De avond voor onze kerstvakantie dachten we alleen maar aan thuis. Het was stil in de barakken. Plotseling merkte ik dat mijn kameraad naast me — Leland Merrill, die ook lid van de kerk was, van pijn lag te kreunen. Ik vroeg: ‘Wat is er, Merrill?’

Hij antwoordde: ‘Ik ben ziek. Ik ben heel erg ziek.’

Ik adviseerde hem om naar de medische hulppost te gaan, maar hij zei dat hij dan niet naar huis mocht. Ik zei tegen hem dat hij wat zachter moest kreunen, omdat hij anders iedereen in de hele barak uit hun slaap zou houden.

Naarmate de uren verstreken, begon hij steeds harder te kreunen. In wanhoop fluisterde hij: ‘Monson, jij bent toch ouderling?’ Dat gaf ik toe, waarop hij smeekte: ‘Geef me een zegen.’

Toen bedacht ik me dat ik nog nooit iemand een zegen had gegeven. Ik had nog nooit zo’n zegen gekregen. Ik had nog nooit een zegen zien geven. Ik smeekte God om hulp. Het antwoord luidde: ‘Kijk onderin je plunjezak.’ Om twee uur ’s nachts gooide ik mijn zak op het dek leeg. Toen hield ik dat rechthoekige voorwerp, het Handboek voor zendelingen, bij het nachtlampje en las hoe je een zegen behoort te geven. Terwijl er zo’n 120 nieuwsgierige zeelieden zaten toe te kijken, gaf ik hem een zegen. Voordat ik mijn spullen weer had ingepakt, lag Leland Merrill als een kind te slapen.

De volgende ochtend keek Merrill me aan en zei: ‘Monson, wat ben ik blij dat je het priesterschap draagt!’ Zijn blijdschap werd alleen overtroffen door mijn dankbaarheid — niet alleen voor het priesterschap, maar omdat ik de hulp verdiende die ik nodig had toen ik in een noodgeval het priesterschap moest gebruiken.
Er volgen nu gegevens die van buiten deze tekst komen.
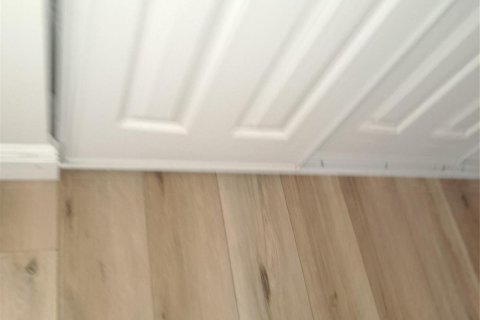 Купить кондоминиум в Форт-Лодердейл, Флорида 3 комнаты, 74.32м2, № 2252481 - фото 6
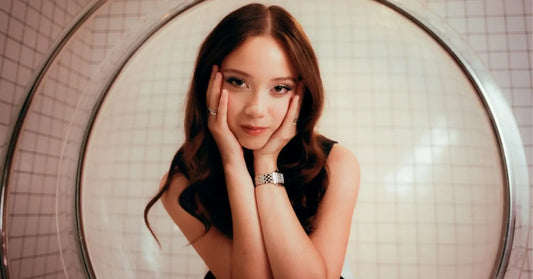 Laufey Drops "Lover Girl" Ahead of New Album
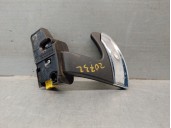 Recambio de mando volante para citroën c4 picasso 1.6 16v hdi fap referencia OEM IAM 96591774XT VALEO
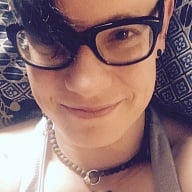 Robyn’s Avatar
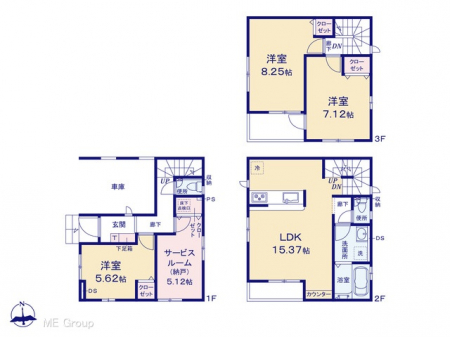 �@�}�ʂƈقȂ�ꍇ�͌�����D��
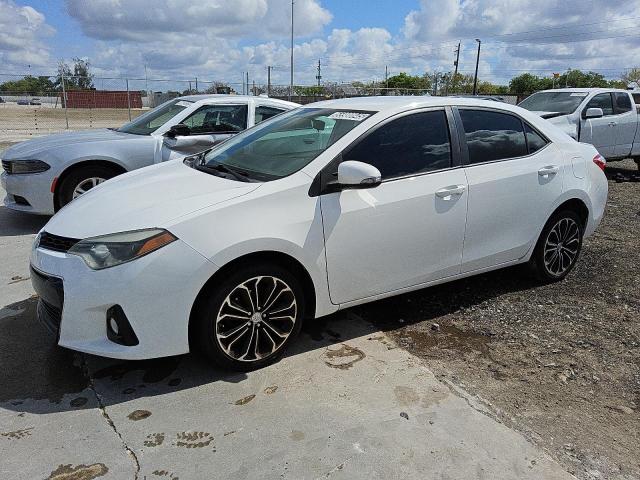 Vin: 2t1burhe8ec060753, lot: 55980845, toyota corolla l 2014 img_1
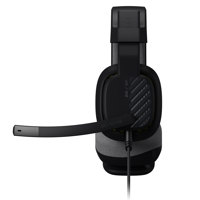 Astro Gaming A10 Gen 2 Wired O Picture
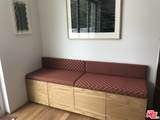 444 Avenue 37 - Photo 8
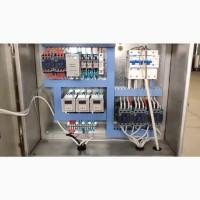 Котел харчоварильний для приготування різних страв від 300 л STvega VKC H300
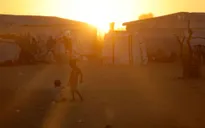 Lực lượng bán quân sự Sudan bị tố bắt cóc trẻ em ở Darfur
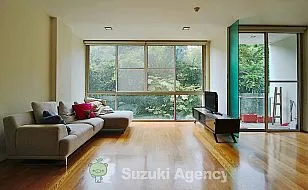 Ficus Lane Condominium：1 BED ROOM Interior Photos No.20
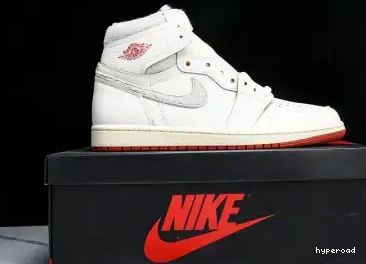 Hyperoad OG Cinnabar” WMNS “Sail 1 Jordan Air High 0421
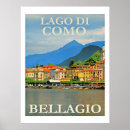 Pesquisar por bellagio pôsteres Ilustração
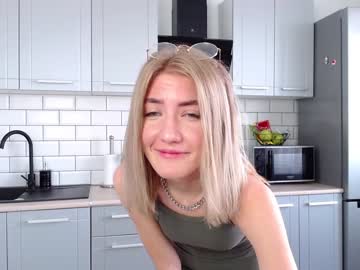 webcam girl ella__sweety image #1396877
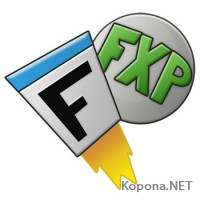 IniCom Networks FlashFXP v3.7.7 build 1315 BETA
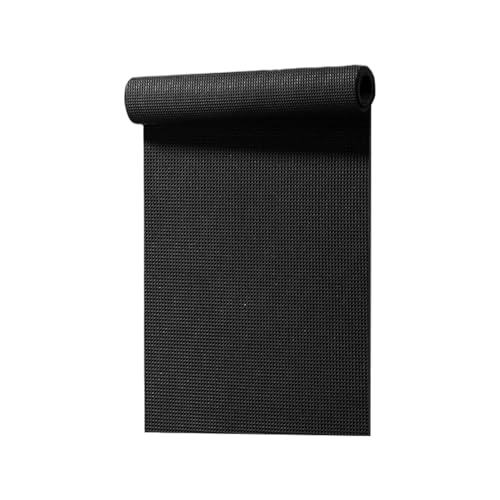 Base de nivelación para acuario impermeable y protector antideslizante de pisos 2
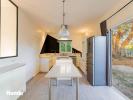 House SAINT-GEOURS-DE-MAREMNE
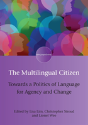 The Multilingual Citizen - Preview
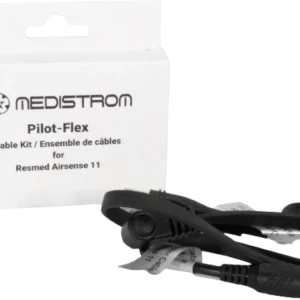 Ensemble de câble Medistrom - Flex pour S11
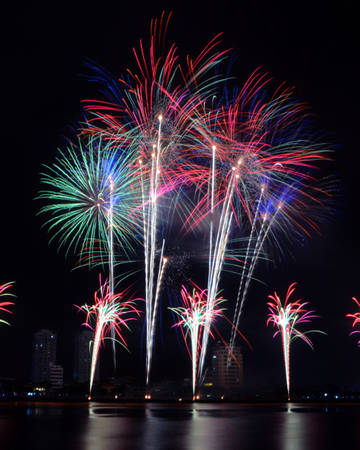 Tối 29/3, hai đội Ba Lan và Autraslia sẽ tiếp tục biểu diễn, sau đó Ban giám khảo sẽ chọn ra đội chiến thắng.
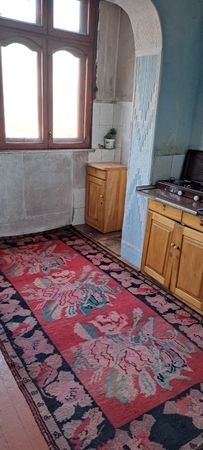 2 Otaqlı mənzil kirayə verilir, 64 m², Yeni Günəşli V Massivi, Bakı – Bakı – ucuztap.az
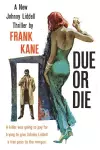 Due or Die cover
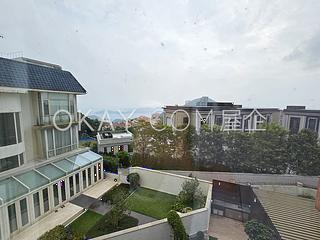 The Peak - Plantation Heights 10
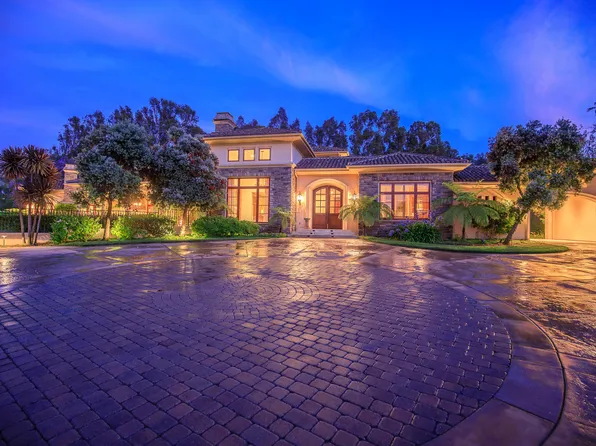 1208 Via Aracena, Camarillo, CA 93010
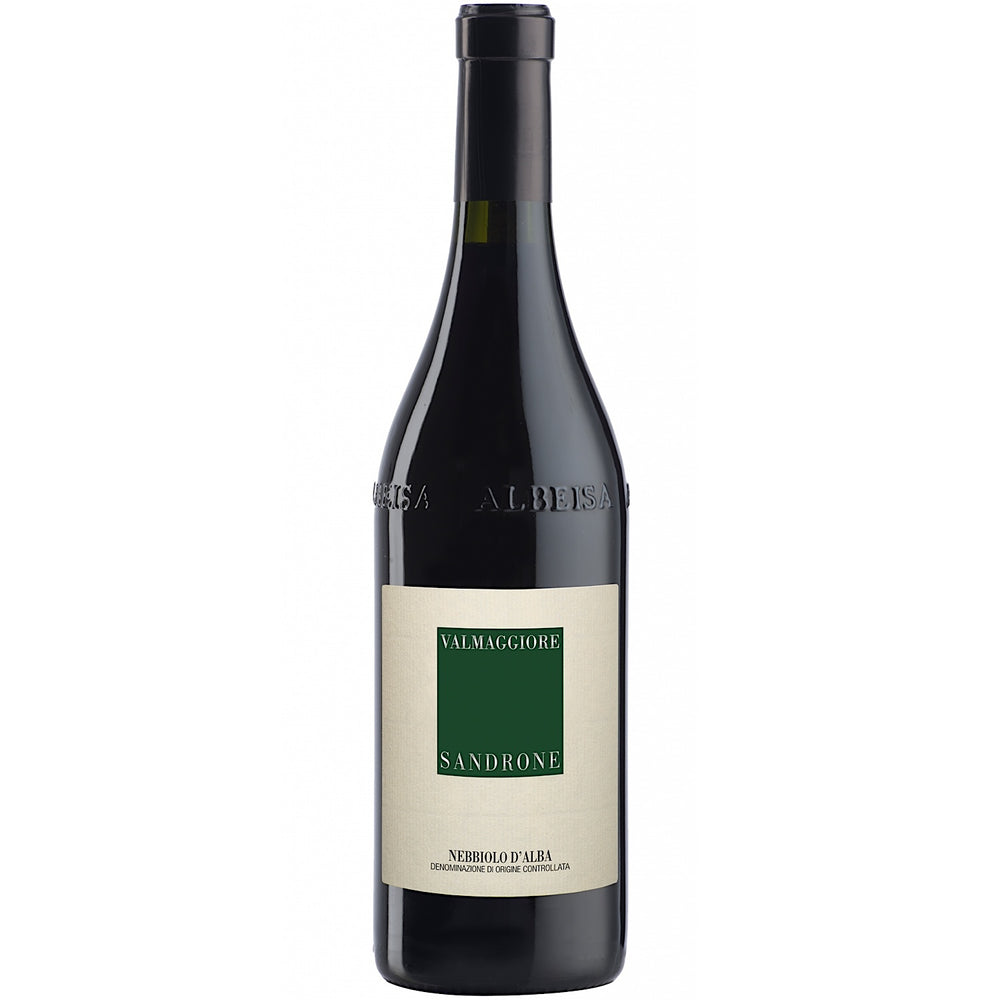 Sandrone Nebbiolo D´Alba [750ml]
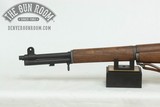 Springfield M1D Garand Sniper Repro .30-06 - 10 of 16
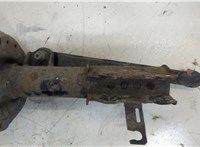  Амортизатор подвески Chevrolet Cruze 2009-2015 20383180 #2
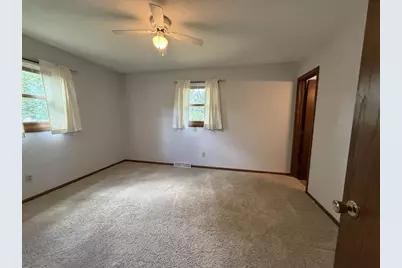 2126 Kowalski Road, Kronenwetter, WI 54455 - Photo 16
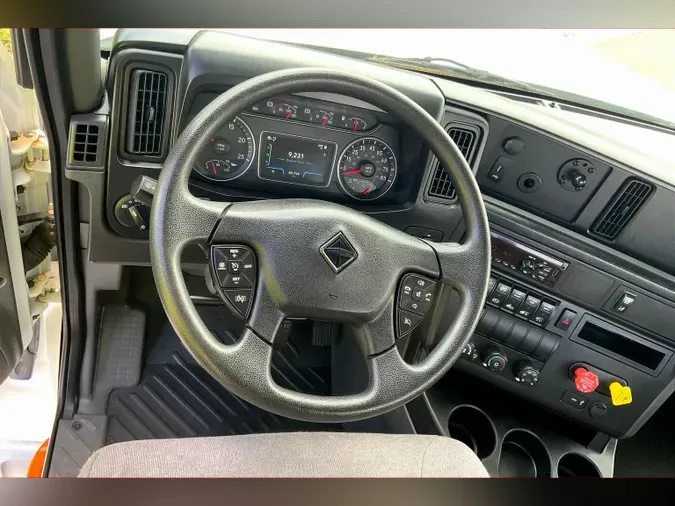 2020 INT LT625 6x4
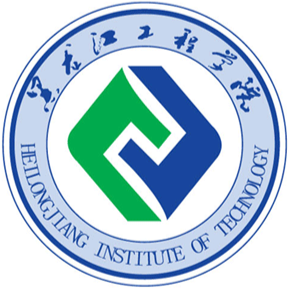 Heilongjiang Institute of Technology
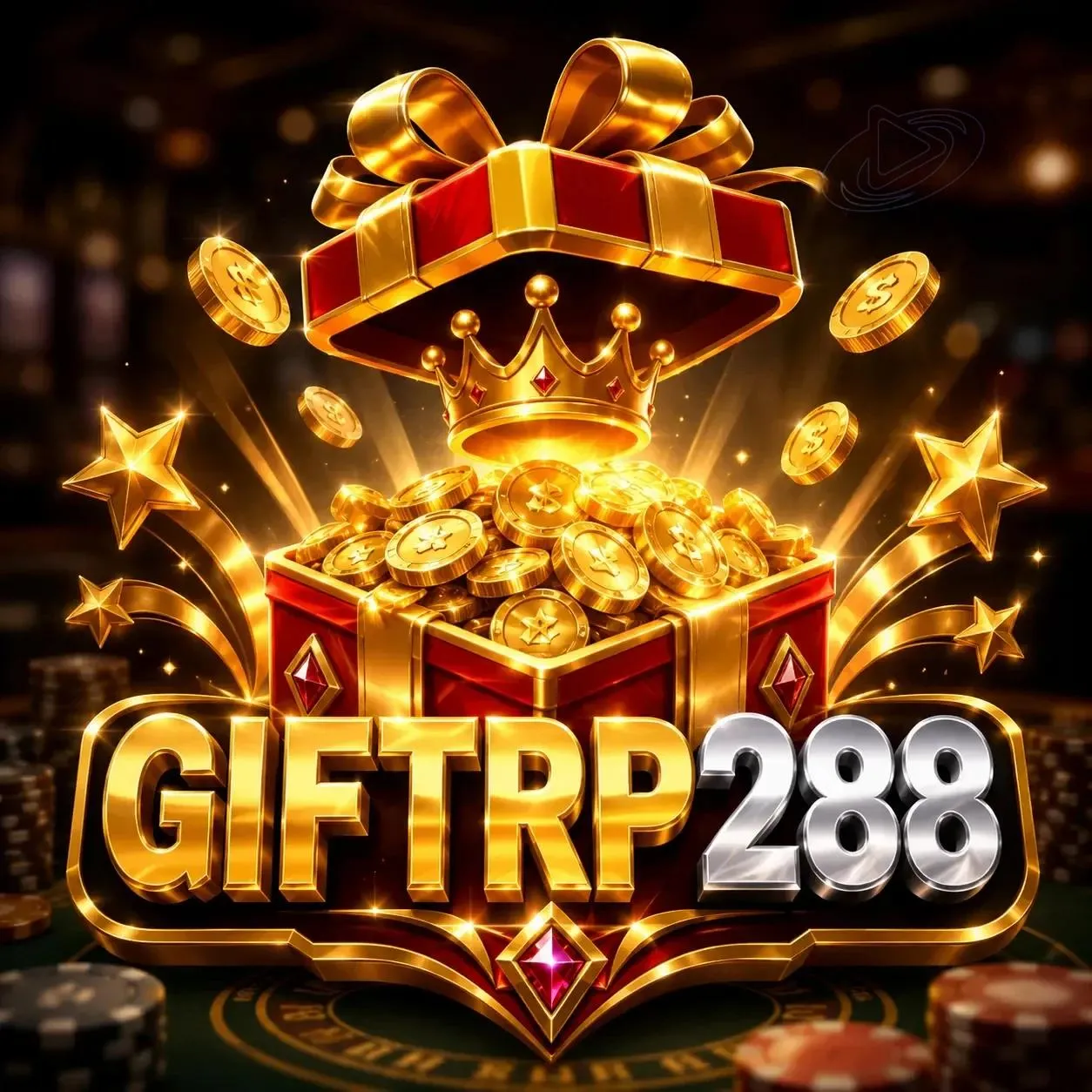 Aplikasi giftrp288 Resmi: Download dan Instalasi dan gading22: Rangkuman Brand yang Banyak Dicari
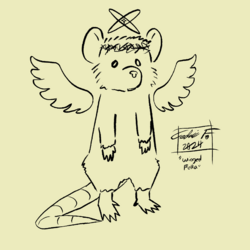 Illustration157.png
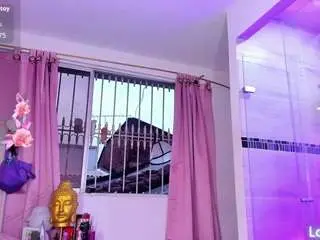 Camsoda Sex Chat of kathe-secret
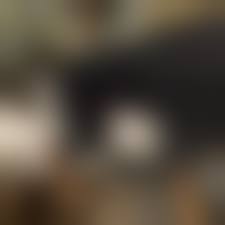 dog sex nude|Girl(Real People)_ selfie _ dog by TitFlaviy - Hentai Foundry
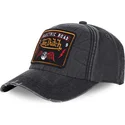 epci-curbata-gri-banda-reglabila-jack11-de-von-dutch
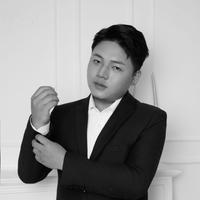 张大彪演员头像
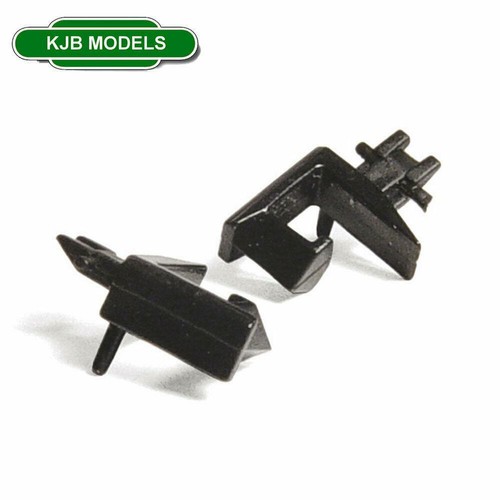 Bnib gauge graham farish - gauge,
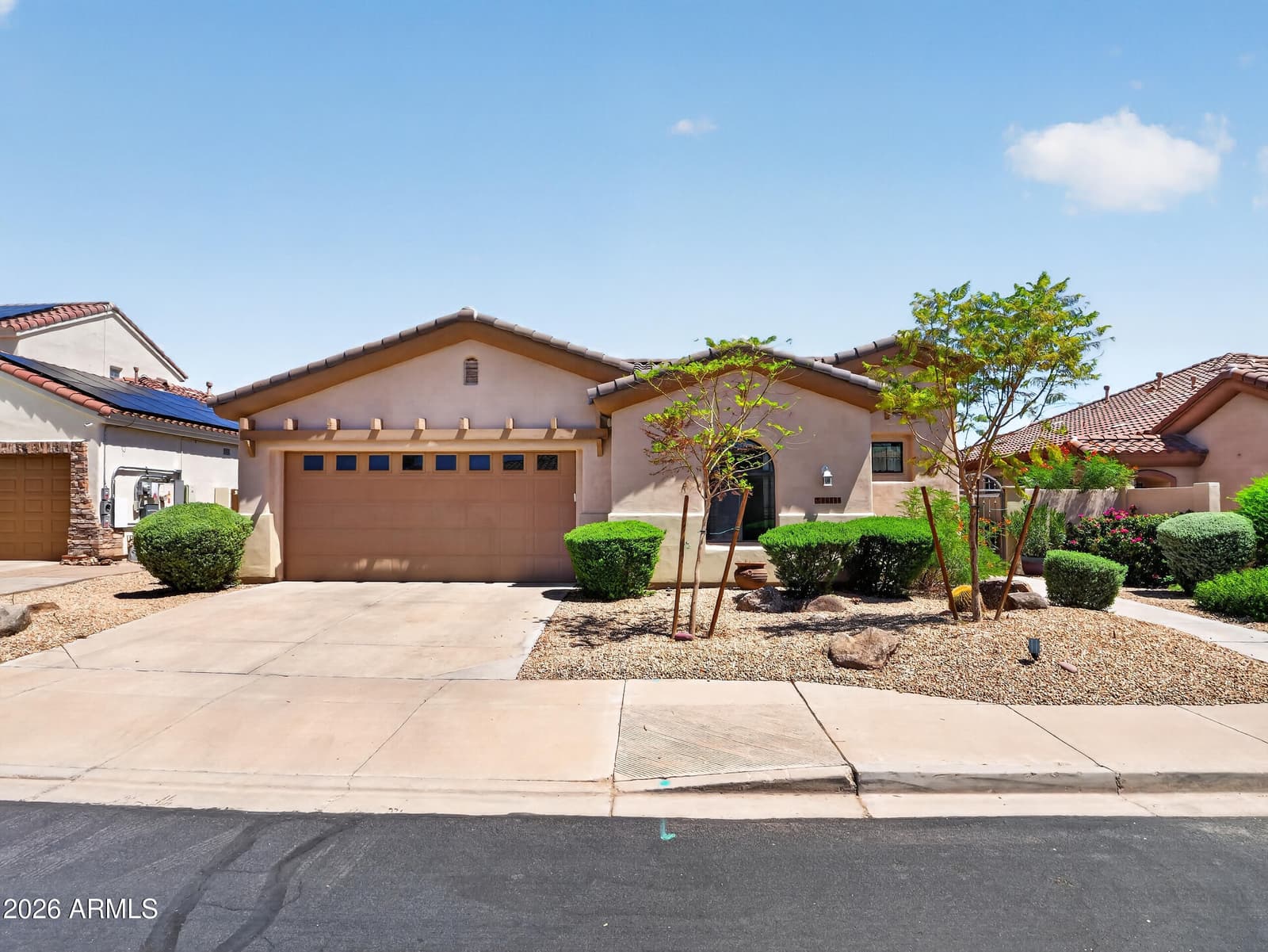 14394 W Monte Vista Road, Goodyear, AZ 85338 — photo 3 of 43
Broeders, onze Heer en Heiland zegt: ‘Kom hier, volg Mij.’6 Als wij zijn uitnodiging aanvaarden en zijn voetsporen volgen, zal Hij ons leiden.

In april 2000 voelde ik dat ik geleid werd. Ik had een telefoontje gekregen van Rosa Salas Gifford, die ik niet kende. Ze legde uit dat haar ouders uit Costa Rica een paar maanden bij haar op bezoek waren en dat bij haar vader, Bernardo Agusto Salas, een week eerder leverkanker was geconstateerd. Ze zei dat de artsen hadden gezegd dat haar vader nog maar een paar dagen te leven had. Ze legde uit dat het de grootste wens van haar vader was om mij te ontmoeten voordat hij overleed. Ze gaf me haar adres en vroeg of ik naar haar huis in Salt Lake City kon komen om haar vader te bezoeken.

Door allerlei vergaderingen en verplichtingen kon ik pas laat van kantoor weg. In plaats van meteen naar huis te gaan, voelde ik me geïnspireerd om verder naar het zuiden te rijden en broeder Salas die avond te bezoeken. Met het adres in de hand probeerde ik het huis te vinden. Het was druk op de weg en omdat het donker begon te worden reed ik voorbij de straat waar ik moest zijn. Ik kon niets zien. Ik geef het echter niet snel op. Ik reed een rondje en kwam terug. Nog steeds niet. Ik probeerde het nog één keer, maar ik kon de straat niet vinden. Ik kreeg het gevoel dat ik alle reden had om naar huis te gaan. Ik had een eerlijke poging gewaagd maar had het adres niet kunnen vinden. Toen sprak ik een stil gebed om hulp uit. Ik kreeg de inspiratie dat ik het gebied van de andere kant moest benaderen. Ik reed iets verder en keerde, zodat ik nu aan de andere kant van de weg reed. Die kant op was er veel minder verkeer. Toen ik weer in de buurt van de straat kwam, zag ik in het schemerlicht aan de kant van de weg een straatbord liggen dat omver gereden was. Toen zag ik een bijna onzichtbaar weggetje dat naar een klein appartementencomplex en een kleine woning leidde. Toen ik naar de gebouwen reed, zwaaide er een meisje in een wit jurkje naar me en wist ik dat ik het gezin had gevonden.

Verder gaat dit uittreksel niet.